The data.
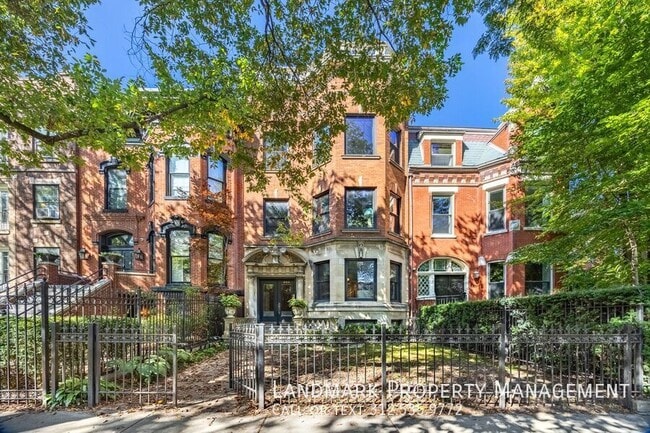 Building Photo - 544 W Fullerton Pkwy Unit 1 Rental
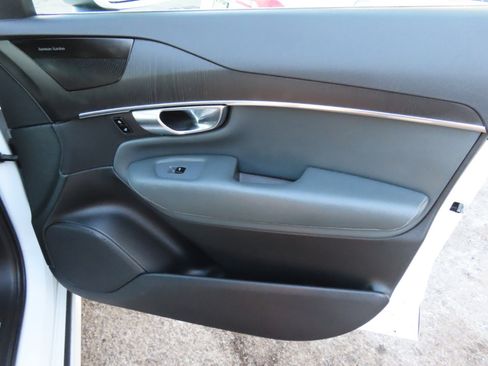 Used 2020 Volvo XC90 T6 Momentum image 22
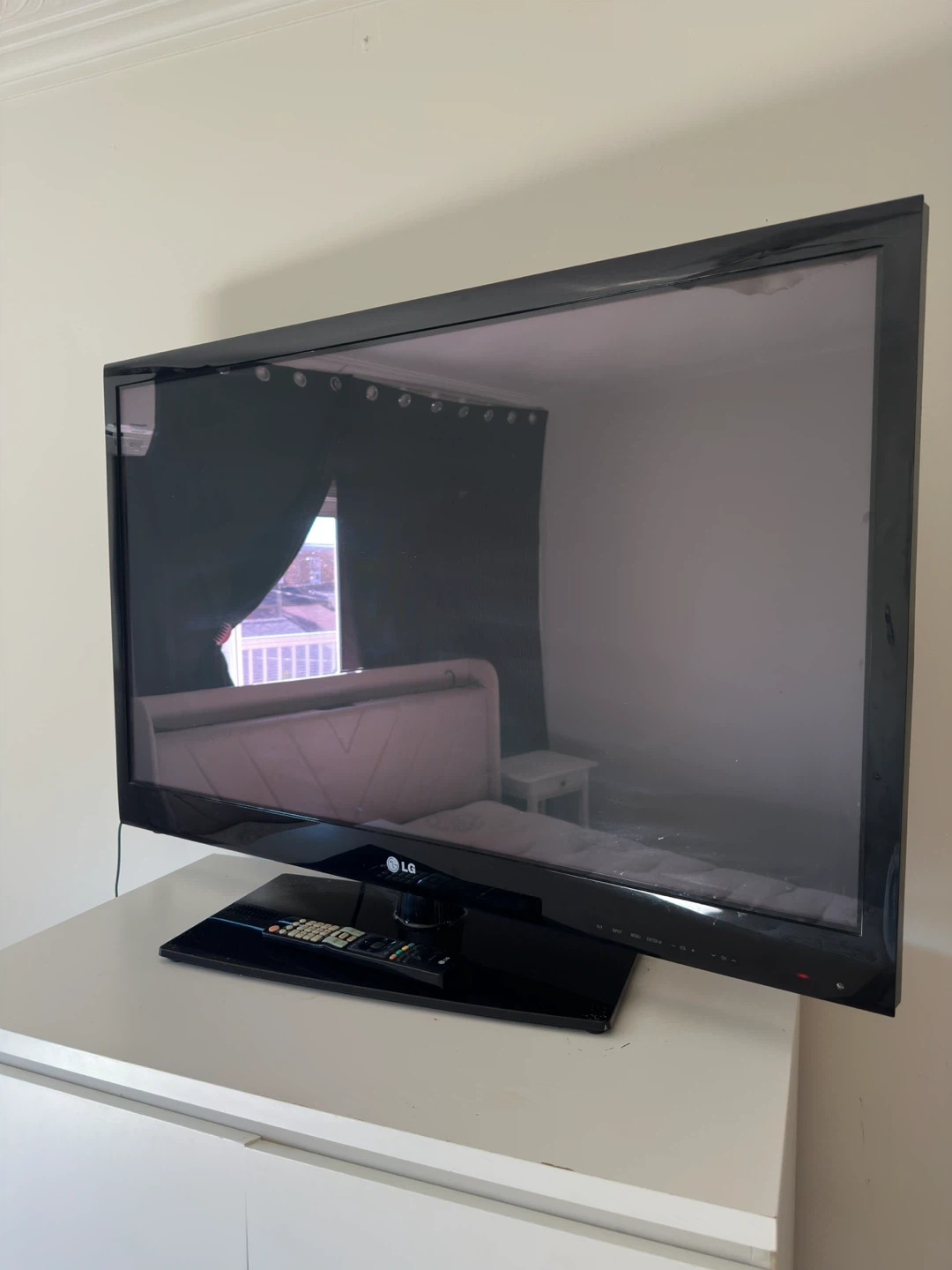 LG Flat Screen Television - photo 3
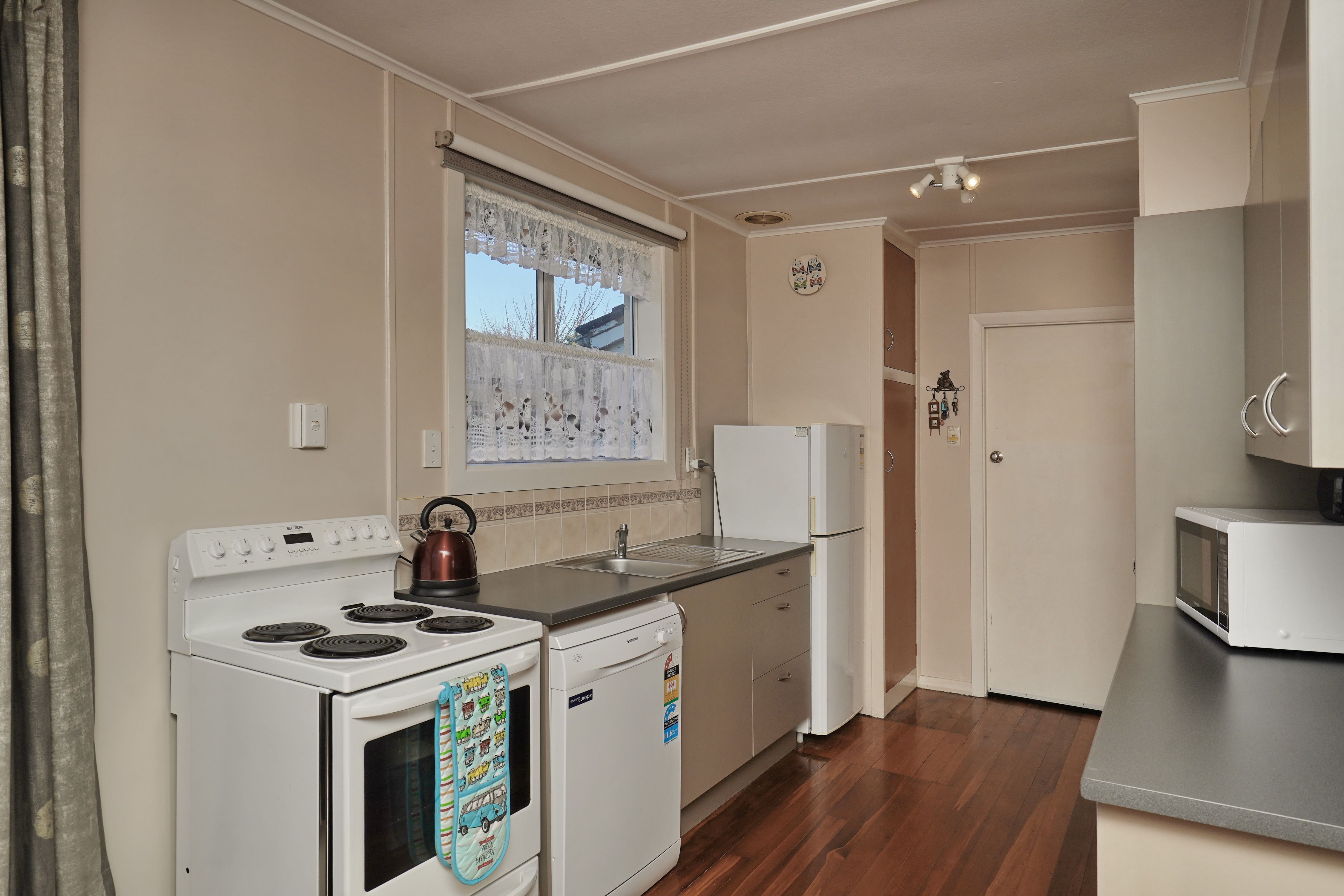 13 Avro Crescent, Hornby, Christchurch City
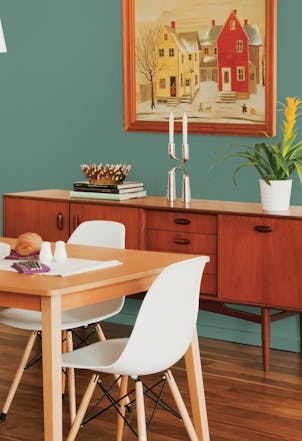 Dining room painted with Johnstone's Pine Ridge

* * *

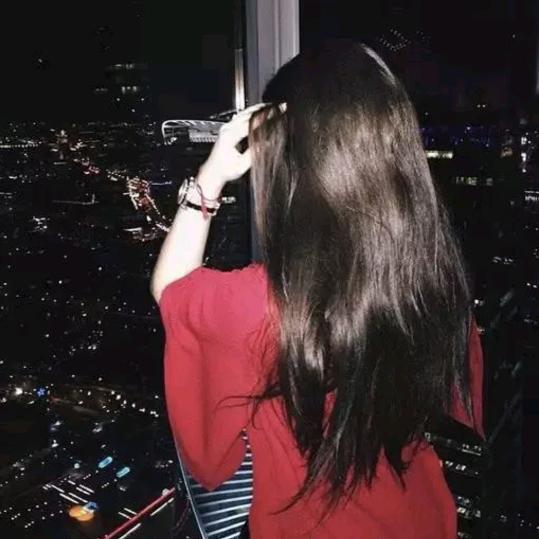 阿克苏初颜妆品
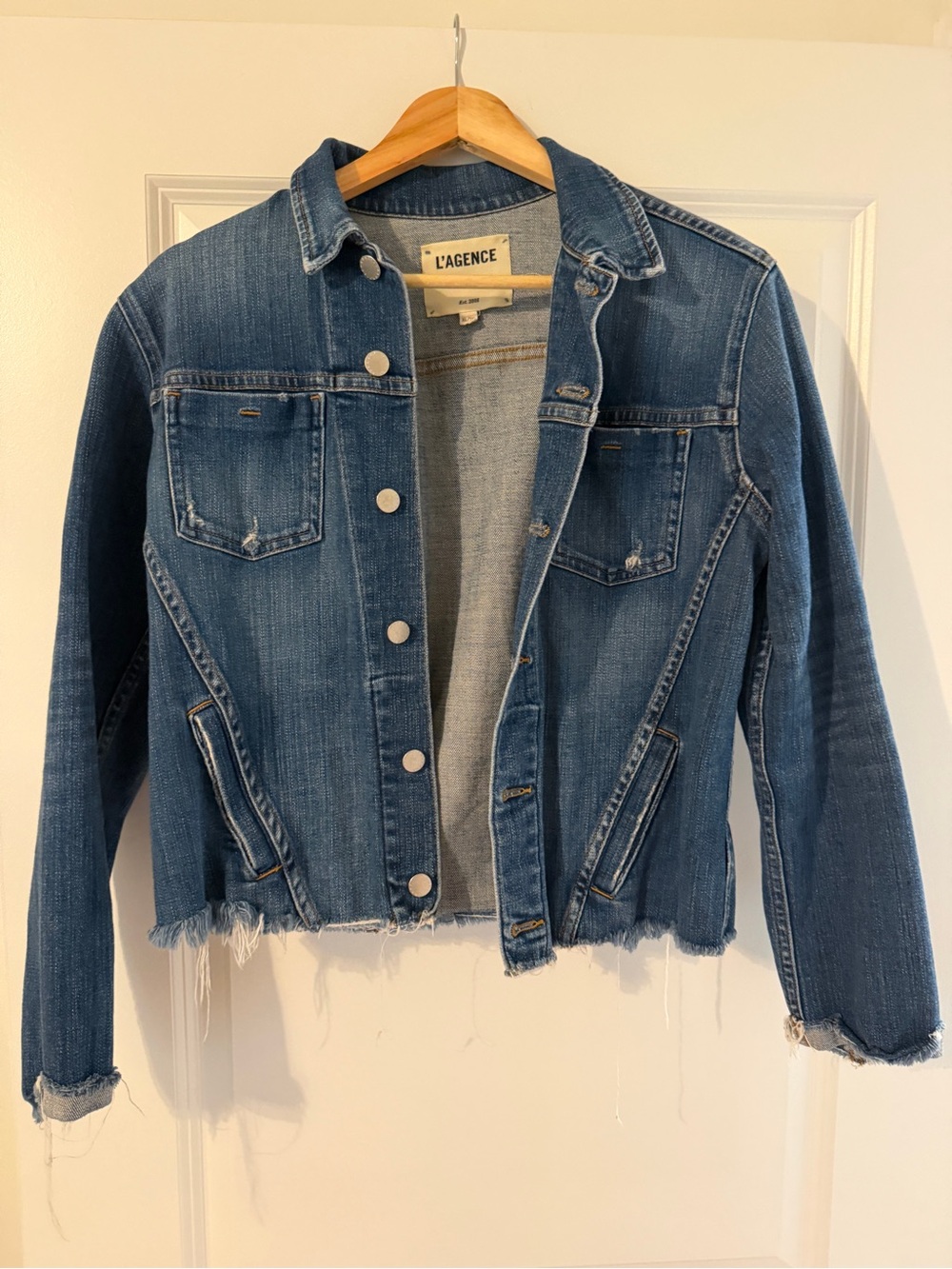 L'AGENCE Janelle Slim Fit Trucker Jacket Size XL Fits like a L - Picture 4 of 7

Task objective. Transcribe only this stretch of the data: the line with "LG Flat Screen Television - photo 3", the line with "Dining room painted", and every line in between. Leave out the pictures.

Answer to this exercise.
 LG Flat Screen Television - photo 3
 13 Avro Crescent, Hornby, Christchurch City
 Dining room painted with Johnstone's Pine Ridge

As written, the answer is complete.